So what is the difference between R and RStudio? Here is an analogy to start us off. Imagine you are a chef, and you have to prepare a meal. You’ll need a place to work (a kitchen), you’ll need some tools (pots, pans, a knife, etc), and you’ll need some ingredients. In this analogy, R is a good chef’s knife - one of the most important tools that you’ll use to accomplish your task.

And if R is your chef’s knife, RStudio is your kitchen. RStudio provides a place to do your work! RStudio makes your life as a researcher easier by bringing together other tools you need to do your work efficiently - like a file browser, data viewer, help pages, terminal, community, support, the list goes on. So it’s not just the infrastructure (the user interface or IDE), although it is a great way to learn and interact with your variables, files, and interact directly with git. It’s also data science philosophy, R packages, community, and more.

(and in this analogy, your ingredients are data!)

R without RStudio?

Just as you can prepare food without a kitchen, we could learn R without RStudio, but that’s not what we’re going to do. RStudio makes it much easier to work with R, just as a well stocked kitchen makes cooking more fun. We are going to take advantage of the great RStudio support, and learn R and RStudio together.

New to coding? new to R? No worries!

Something else to start us off is to mention that you are learning a new language here. It’s an ongoing process, it takes time, you’ll make mistakes, it can be frustrating, but it will be overwhelmingly awesome in the long run. We all speak at least one language; it’s a similar process, really. And no matter how fluent you are, you’ll always be learning, you’ll be trying things in new contexts, learning words that mean the same as others, etc, just like everybody else. And just like any form of communication, there will be miscommunication that can be frustrating, but hands down we are all better off because of it.

While language is a familiar concept, programming languages are in a different context from spoken languages and you will understand this context with time. For example: you have a concept that there is a first meal of the day, and there is a name for that: in English it’s “breakfast.” So if you’re learning Spanish, you could expect there is a word for this concept of a first meal. (And you’d be right: “desayuno”). We will get you to expect that programming languages also have words (called functions) for concepts as well. You’ll soon expect that there is a way to order values numerically. Or alphabetically. Or search for patterns in text. Or calculate the median. Or reorganize columns to rows. Or subset exactly what you want. We will get you to increase your expectations and learn to ask and find what you’re looking for.

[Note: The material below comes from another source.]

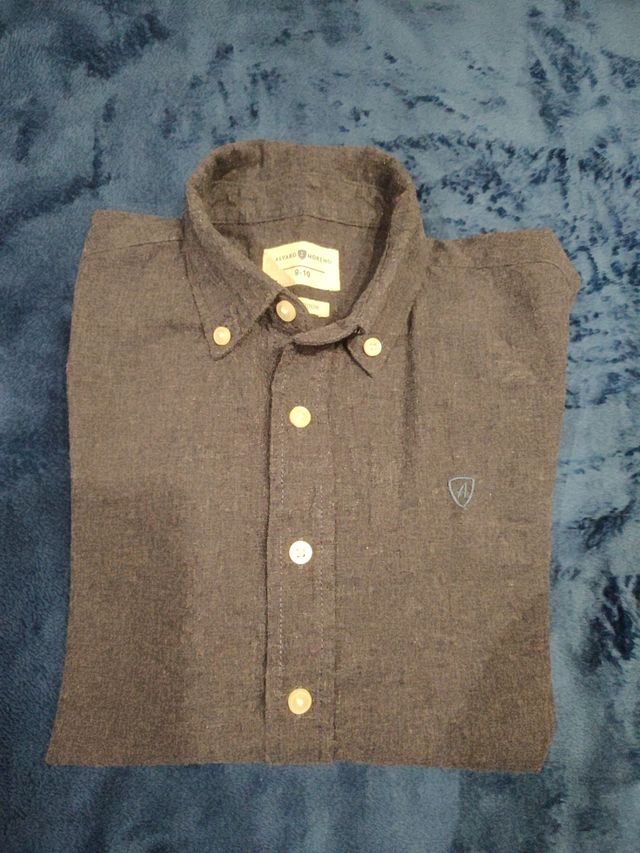 Camisa manga larga niño talla 9/10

2 Using R within the RStudio IDE

Let’s take a tour of the RStudio interface.

Full Screen

2.1 Objects in R

Let’s say the value of 12 that we got from running 3 * 4 is a really important value we need to keep. To keep information in R, we need to create an object. The way information is stored in R is through objects.

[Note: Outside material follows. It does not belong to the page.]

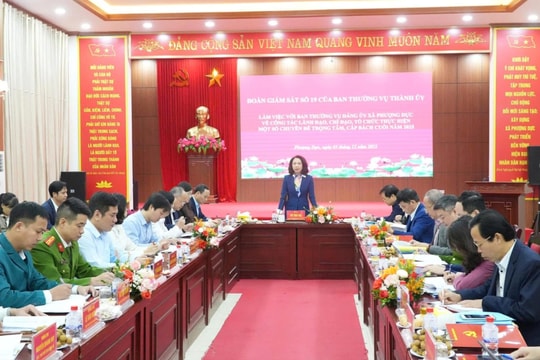 Đoàn giám sát số 19 của Ban Thường vụ Thành ủy làm việc với xã Phượng Dực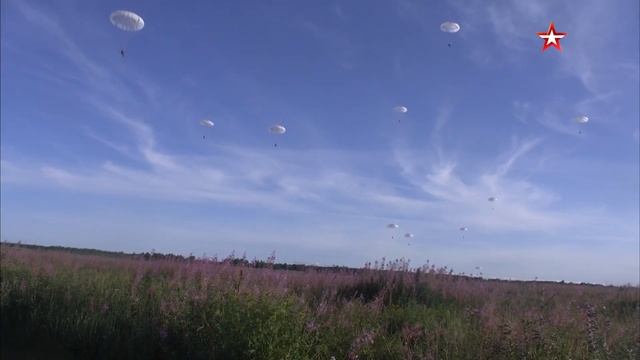 Псковские десантники совершили прыжки в канун Дня ВДВ. смотреть онлайн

We can assign a value of a mathematical operation (and more!) to an object in R using the assignment operator, <- (greater than sign and minus sign). All objects in R are created using the assignment operator, following this form: object_name <- value.

Exercise 1

Create an object!

Assign your favorite number to an object called fave_num. Then, create an object called fave_squared and assign the square of fave_num (use the superscript, like 5^2), and inspect the object.

### think of this code as someone saying "fave_num gets 42".
fave_num <- 42

### and then square it
fave_squared <- fave_num^2
fave_squared
[1] 1764

Notice how after creating the fave_num object, R doesn’t print anything. However, we know our code worked because we see the object, and the value we wanted to store is now visible in our Global Environment. We can force R to print the value of the object by calling the object name (aka typing it out) or by using parentheses.

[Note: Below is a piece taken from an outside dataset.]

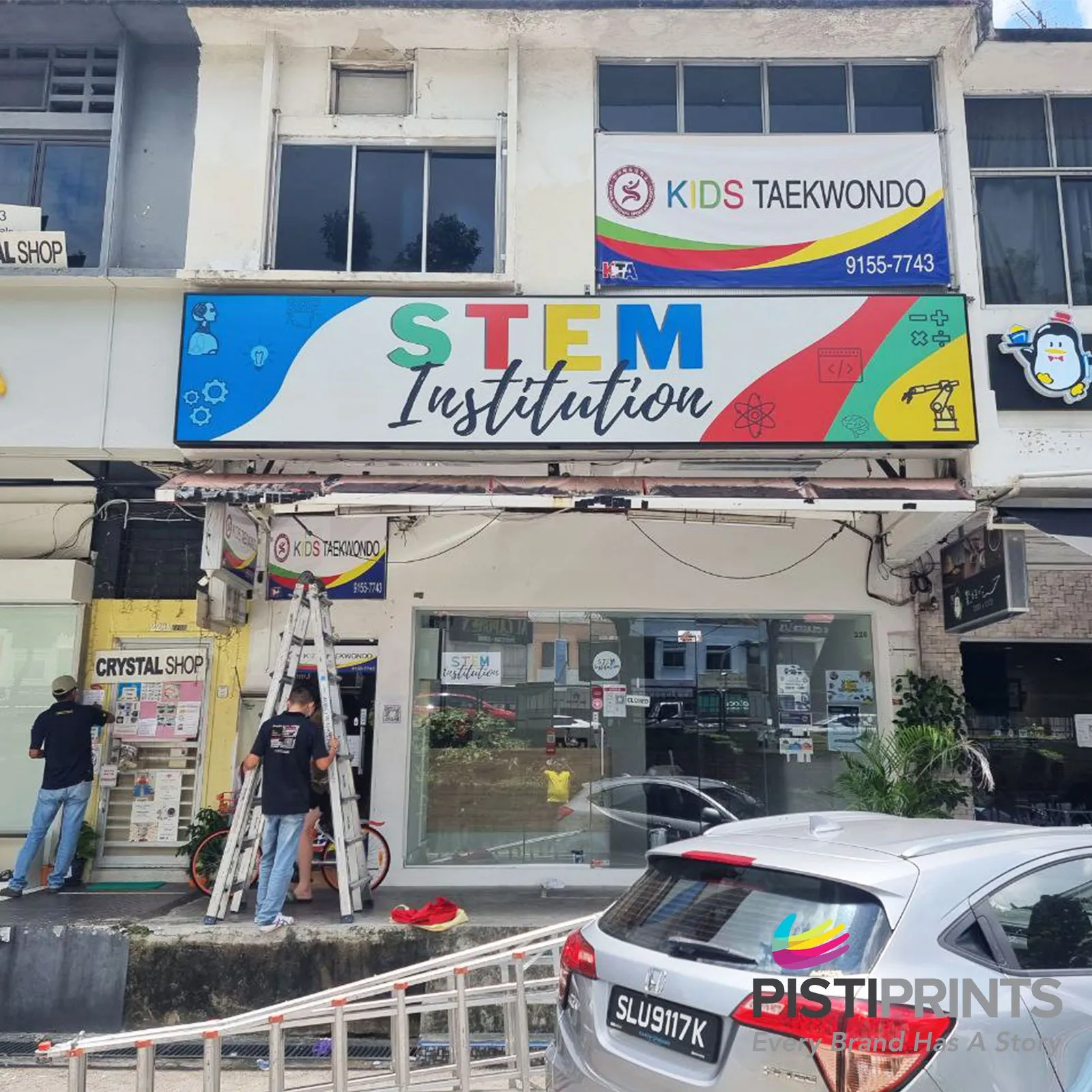 Installation of a colorful outdoor signboard for STEM Institution, showcasing durable and vibrant signage design for educational centers.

### printing the object by calling the object name
fave_squared
[1] 1764
### printing the object by wrapping the assignment syntax in parentheses
(fave_squared <- fave_num^2)
[1] 1764
Autocomplete

When you begin typing an object name RStudio will automatically show suggested completions for you that you can select by hitting tab, then press return.

Up/down arrow to recall previous commands

When you’re in the Console use the up and down arrow keys to call your command history, with the most recent commands being shown first.

2.2 Naming Conventions

Before we run more calculations, let’s talk about naming objects. For the object fave_num we used an underscore to separate the object name. This naming convention is called snake case. There are other naming conventions including, but not limited to:

  • we_used_snake_case
  • someUseCamelCase
  • SomeUseUpperCamelCaseAlsoCalledPascalCase

Choosing a naming convention is a personal preference, but once you choose one, or your collaborative team chooses one - be consistent! A consistent naming convention will increase the readability of your code for others and your future self.

Rules for object names

Object names cannot start with a numeric digit and cannot contain certain characters such as commas, spaces, or hyphens.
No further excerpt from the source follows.